As mentioned before in the baking with spelt section, spelt flour has a lower glycemic index compared to the usual wheat flour used to make bread. The lower GI helps to moderate the effect that starches, like bread, has on blood sugar levels. Spelt is a good substitute for regular flour in diabetic recipes. However, the bread obviously still has carbohydrates, so it needs to be eaten in moderation and watching portion control.
Makes 1 - 9"x5" standard bread loaf (OR a medium round loaf)

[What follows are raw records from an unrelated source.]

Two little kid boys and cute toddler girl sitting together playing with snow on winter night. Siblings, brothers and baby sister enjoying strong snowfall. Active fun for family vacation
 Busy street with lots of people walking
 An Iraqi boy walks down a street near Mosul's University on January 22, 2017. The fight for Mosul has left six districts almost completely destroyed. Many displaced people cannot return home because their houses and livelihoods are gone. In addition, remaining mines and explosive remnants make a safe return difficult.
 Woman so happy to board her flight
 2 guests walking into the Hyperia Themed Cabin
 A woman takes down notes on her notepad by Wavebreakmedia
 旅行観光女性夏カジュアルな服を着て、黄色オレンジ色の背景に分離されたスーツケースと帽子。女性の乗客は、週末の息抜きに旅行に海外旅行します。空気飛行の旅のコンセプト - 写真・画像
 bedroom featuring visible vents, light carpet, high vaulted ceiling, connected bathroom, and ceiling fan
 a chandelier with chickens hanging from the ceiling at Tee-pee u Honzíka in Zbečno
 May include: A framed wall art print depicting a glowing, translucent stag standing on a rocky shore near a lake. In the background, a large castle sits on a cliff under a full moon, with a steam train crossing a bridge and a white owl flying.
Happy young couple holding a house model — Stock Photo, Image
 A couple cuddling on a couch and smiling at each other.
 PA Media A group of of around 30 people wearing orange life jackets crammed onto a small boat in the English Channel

Plan ahead: this bread needs 18-24 hours to rise. This isn't optional; it really does need that amount of time to develop taste and texture ... instead of kneading the bread, you'll be letting nature do the work instead. Luckily it only takes 5 minutes to put together.
After 18-24 hours, you'll see that the dough is full of bubbles (this will form the open crumb of the bread - so yummy) and probably looks even wetter than it did when you mixed it.
You can choose to either:
If using a regular loaf pan:Grease the pan well (coconut oil works great, but you can use any kind you want). Pour the dough in and let it rest for another hour or so. Then pre-heat the oven to 425 F. If you'd like a chewier top crust, you can also lightly baste the top of the loaf with oil. Sprinkle the loaf with the chia seeds, if using. Put the loaf pan in the pre-heated oven for 35-40 minutes until golden brown and baked through.
If using a covered, cast-iron pot (3.5 quarts is a good size):There's no need to grease a seasoned cast-iron pot. Pre-heat the oven to 450 F. Place the empty pot, covered, into the pre-heated over for 15 minutes. Remove the empty pot from the oven, take off the lid, and pour in the dough (be careful, the pot is very hot!). Bake, covered, for 30 minutes. Then remove the cover and bake another 15-20 minutes.
When you remove the bread from the oven, you should be able to hear the crust 'crackling' as it cools down. If you can resist, wait 15-20 minutes before cutting into the bread - this will help prevent the dough from becoming gummy when you cut it.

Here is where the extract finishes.